# Neue Masche , jetzt mit 0180 /4...



## dojando (3 Dezember 2004)

Hallo ,

Nun muss man auch aufpassen wenn man auf dem handy 0180 er Nummer steht hat.
In meinem Beruf habe ich sehr viel mit Hotlines zu tun und rief deshalb natürlich zurück (wartete auf einen Anruf von D-Link). 
Bin ja eigentlich nicht blöde und kenne nun schon diverse lustige Vorwahlnummern. Aber das ist wie ich heute laut meiner Anfrage bei dtms Aufgrund solcher Anrufe auf unsere Firmentelefone machte die Bestätigung.
Die Nummer die uns hier erreichte war die 0180 4 600143 (17)  wobei diese 17 beid er telefonnummer total überflüssig zu sein scheint. ich vermute das der ,der die Nummer angemietet hat die wieder noch einmal weitervermietet bzw untervermietet hat so das es wohl unwahrscheinlich sein wird das man diese Leute endlich mal packt.

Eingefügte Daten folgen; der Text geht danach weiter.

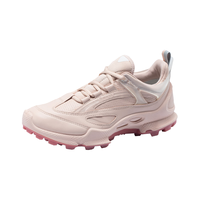 爱步(ECCO)BIOM运动鞋女 24年秋季防水稳定越野登山鞋 健步803323 裸粉色80332350366 39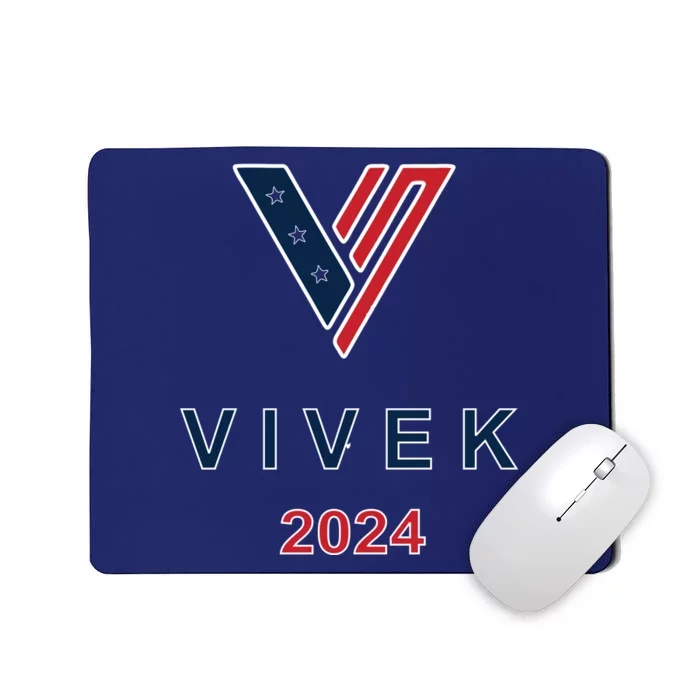 Vivek Ramaswamy 2024 Presidential Campaign Mousepad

Verdienen tun die nicht viel an einem Einzelnen, aber die Masse macht es !
Der Anruf kostet zwischen 24 und 48 Cent die Minute wobei hier natürlich im Minutentakt abgerechnet wird 
Also wenn dann 1000 Leute zurück gerufen haben weil sie vielleicht von ihrem telefonanbeiter der ja heute auch nur noch 0180 er Nummer verwendet erwartet dann verdient der Täter abzüglich der Unkosten ca 300 Euro bei 48 Cent. Bei 20 000 Opfern sinds dann schon mehr wie 6000 Euro. Scheint sich auf jedenfall zu lohnen so wie es aussieht.

Jan


----------



## Anonymous (3 Dezember 2004)

Deine Berechnung stimmt nicht. Die DTAG kassiert 24 cent, der "Untermieter" nur ca. 2 cent. Immer noch Geld aber viel zu wenig um damit Betrügerein zu starten.....


----------



## Anonymous (6 Dezember 2004)

*hm*

Hmmmm , 

Vielleicht isses ja nur ne Sammelnummer die Rufnummern von leuten sammelt um sie später nochmal übe rne weitere gefakte Nummer anzurufen. Wer weiss . Ich habe von dtma auf jedenfall Post erhalten das diese Nummer gesperrt wurde. Waren wir wohl doch nicht so ganz alleine mit unserer Beschwerde


----------